### Work instruction
For the material that follows, return exactly the lines from the one with "X0000091731219200708311154" through the one with "by Goff, Ellen", both ends included.
####################
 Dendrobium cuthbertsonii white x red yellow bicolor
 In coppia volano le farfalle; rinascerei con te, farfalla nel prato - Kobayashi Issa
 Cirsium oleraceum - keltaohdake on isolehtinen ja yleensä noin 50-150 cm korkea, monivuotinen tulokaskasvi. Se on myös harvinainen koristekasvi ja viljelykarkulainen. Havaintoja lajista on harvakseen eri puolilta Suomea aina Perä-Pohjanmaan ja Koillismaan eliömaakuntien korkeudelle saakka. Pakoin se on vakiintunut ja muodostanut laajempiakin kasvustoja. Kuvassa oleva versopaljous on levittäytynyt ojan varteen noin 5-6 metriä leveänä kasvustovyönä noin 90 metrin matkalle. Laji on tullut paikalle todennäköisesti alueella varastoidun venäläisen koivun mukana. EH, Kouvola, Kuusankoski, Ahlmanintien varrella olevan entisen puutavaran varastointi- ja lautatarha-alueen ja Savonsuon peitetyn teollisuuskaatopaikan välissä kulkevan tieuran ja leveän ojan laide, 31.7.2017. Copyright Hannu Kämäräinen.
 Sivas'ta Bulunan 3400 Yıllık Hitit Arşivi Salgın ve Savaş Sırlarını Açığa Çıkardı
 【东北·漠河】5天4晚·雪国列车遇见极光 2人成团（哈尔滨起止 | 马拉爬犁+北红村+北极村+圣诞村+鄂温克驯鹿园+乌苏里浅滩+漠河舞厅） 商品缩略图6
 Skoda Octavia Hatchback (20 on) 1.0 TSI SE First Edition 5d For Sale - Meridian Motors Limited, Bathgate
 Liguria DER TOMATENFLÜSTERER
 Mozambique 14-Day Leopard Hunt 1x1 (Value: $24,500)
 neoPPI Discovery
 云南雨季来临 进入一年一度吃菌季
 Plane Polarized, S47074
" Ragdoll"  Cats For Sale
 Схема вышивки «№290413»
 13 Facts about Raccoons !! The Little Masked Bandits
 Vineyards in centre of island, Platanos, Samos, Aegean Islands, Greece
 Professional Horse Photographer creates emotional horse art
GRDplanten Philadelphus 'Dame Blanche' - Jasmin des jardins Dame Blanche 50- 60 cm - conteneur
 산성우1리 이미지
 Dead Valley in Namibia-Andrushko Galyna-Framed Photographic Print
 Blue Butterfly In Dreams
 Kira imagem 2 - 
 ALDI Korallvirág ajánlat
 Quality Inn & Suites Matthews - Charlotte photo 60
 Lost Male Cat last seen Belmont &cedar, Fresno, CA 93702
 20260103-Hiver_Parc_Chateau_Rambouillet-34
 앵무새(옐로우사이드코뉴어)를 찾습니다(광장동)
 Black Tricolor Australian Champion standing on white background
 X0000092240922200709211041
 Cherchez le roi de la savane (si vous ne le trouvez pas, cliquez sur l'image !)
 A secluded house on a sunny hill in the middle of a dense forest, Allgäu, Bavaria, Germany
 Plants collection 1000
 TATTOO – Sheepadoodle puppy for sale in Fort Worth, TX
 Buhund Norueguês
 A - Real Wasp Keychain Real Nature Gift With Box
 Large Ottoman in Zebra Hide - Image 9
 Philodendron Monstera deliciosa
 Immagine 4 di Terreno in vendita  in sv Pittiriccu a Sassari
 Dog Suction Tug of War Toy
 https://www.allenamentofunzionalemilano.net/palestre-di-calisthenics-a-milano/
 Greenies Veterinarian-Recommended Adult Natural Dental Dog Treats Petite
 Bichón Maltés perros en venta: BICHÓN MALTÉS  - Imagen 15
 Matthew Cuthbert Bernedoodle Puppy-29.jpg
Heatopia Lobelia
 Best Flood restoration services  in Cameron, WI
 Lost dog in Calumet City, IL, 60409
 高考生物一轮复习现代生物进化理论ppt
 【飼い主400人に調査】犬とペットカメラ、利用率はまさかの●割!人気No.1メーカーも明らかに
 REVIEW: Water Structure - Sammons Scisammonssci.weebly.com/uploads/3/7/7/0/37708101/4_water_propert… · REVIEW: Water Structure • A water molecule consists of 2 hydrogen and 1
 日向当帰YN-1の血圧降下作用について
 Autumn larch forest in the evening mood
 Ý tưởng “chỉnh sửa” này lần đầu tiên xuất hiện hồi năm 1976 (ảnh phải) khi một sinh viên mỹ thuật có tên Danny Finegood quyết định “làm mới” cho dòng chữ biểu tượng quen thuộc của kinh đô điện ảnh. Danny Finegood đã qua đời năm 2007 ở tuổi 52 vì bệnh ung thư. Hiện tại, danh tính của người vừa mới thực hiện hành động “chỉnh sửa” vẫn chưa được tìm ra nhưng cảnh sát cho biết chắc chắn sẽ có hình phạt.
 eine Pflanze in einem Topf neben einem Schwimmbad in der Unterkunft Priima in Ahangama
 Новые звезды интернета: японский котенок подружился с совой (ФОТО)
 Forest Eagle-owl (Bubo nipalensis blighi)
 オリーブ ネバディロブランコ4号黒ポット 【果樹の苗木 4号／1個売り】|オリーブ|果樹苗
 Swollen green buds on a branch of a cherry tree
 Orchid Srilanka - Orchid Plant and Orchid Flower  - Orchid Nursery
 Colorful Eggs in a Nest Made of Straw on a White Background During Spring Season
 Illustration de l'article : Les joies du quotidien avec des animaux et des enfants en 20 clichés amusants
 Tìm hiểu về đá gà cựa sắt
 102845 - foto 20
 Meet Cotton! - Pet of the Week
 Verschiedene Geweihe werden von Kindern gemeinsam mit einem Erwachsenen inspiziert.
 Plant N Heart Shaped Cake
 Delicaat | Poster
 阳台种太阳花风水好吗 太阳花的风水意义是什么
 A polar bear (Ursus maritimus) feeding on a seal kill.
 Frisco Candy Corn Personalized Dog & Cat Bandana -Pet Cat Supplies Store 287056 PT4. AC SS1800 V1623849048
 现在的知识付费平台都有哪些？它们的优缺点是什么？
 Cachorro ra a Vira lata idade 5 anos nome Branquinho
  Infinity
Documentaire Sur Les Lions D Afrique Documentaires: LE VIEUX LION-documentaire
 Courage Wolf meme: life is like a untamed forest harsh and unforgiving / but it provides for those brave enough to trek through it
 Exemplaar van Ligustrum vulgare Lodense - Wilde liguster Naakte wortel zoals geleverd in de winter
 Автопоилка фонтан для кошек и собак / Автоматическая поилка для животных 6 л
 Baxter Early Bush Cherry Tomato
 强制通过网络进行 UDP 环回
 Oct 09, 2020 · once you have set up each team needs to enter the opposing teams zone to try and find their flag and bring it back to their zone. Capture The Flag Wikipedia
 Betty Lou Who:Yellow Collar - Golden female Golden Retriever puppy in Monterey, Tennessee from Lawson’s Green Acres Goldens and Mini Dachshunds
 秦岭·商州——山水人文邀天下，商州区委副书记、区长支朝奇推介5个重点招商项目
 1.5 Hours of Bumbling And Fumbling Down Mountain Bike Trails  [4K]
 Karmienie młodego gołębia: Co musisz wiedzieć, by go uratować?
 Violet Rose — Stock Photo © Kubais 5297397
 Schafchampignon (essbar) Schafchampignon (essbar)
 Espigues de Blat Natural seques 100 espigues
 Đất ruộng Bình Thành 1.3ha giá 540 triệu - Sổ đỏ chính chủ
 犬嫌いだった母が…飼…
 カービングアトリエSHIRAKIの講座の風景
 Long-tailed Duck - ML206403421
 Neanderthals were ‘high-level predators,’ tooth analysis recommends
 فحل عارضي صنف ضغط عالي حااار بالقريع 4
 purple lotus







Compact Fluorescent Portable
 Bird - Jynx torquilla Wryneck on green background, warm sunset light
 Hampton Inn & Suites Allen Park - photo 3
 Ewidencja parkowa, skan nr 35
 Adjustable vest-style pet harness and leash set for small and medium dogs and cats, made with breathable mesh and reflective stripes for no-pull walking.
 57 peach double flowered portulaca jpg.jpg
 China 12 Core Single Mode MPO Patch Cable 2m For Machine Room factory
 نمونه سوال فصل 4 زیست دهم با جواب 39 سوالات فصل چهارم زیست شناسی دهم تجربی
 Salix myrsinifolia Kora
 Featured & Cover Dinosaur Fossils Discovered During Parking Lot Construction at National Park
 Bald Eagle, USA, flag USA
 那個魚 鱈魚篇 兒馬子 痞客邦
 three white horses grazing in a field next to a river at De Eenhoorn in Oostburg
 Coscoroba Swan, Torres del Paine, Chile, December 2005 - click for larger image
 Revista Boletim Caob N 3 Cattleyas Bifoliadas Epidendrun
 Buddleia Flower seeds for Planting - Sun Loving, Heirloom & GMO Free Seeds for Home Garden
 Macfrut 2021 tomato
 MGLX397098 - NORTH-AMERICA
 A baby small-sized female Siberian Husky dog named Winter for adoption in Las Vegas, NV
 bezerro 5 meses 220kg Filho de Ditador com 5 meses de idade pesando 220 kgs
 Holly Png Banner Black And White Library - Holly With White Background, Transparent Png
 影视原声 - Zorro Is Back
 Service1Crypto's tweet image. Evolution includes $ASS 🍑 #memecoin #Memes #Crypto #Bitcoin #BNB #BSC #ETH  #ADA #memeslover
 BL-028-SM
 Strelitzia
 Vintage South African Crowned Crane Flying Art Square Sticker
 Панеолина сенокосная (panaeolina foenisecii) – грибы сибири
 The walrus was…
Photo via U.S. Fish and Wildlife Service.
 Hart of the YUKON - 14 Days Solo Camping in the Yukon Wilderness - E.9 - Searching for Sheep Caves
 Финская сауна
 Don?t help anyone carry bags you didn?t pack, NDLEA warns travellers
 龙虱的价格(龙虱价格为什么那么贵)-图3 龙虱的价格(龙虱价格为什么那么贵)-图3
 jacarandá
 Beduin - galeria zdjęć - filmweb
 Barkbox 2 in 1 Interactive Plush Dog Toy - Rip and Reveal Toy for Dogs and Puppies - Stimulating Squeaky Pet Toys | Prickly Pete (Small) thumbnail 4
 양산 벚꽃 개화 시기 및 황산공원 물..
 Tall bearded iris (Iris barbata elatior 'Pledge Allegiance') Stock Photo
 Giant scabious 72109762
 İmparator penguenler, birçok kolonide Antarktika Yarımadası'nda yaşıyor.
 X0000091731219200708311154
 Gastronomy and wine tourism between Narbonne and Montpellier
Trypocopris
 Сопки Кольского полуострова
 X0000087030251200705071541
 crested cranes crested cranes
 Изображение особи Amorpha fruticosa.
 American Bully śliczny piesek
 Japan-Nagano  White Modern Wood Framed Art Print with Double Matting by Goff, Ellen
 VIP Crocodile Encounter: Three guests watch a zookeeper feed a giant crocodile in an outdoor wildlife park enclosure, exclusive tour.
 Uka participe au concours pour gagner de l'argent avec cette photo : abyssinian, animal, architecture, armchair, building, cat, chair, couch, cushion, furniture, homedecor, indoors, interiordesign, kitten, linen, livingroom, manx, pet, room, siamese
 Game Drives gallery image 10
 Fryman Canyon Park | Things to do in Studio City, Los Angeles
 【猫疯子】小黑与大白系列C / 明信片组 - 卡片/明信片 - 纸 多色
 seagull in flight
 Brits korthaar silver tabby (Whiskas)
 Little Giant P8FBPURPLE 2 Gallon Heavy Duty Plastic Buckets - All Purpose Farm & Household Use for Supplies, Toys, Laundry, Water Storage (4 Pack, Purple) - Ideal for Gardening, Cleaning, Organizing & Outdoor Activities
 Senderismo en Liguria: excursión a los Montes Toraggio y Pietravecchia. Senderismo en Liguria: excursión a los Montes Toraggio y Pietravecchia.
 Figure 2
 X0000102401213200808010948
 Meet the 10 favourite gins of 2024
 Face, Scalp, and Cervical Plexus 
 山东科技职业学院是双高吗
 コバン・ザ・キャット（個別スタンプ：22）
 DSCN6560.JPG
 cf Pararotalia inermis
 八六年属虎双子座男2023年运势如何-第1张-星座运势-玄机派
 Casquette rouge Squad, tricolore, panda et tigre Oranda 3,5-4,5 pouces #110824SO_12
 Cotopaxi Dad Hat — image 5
####################
### Output below
 X0000091731219200708311154
 Gastronomy and wine tourism between Narbonne and Montpellier
Trypocopris
 Сопки Кольского полуострова
 X0000087030251200705071541
 crested cranes crested cranes
 Изображение особи Amorpha fruticosa.
 American Bully śliczny piesek
 Japan-Nagano  White Modern Wood Framed Art Print with Double Matting by Goff, Ellen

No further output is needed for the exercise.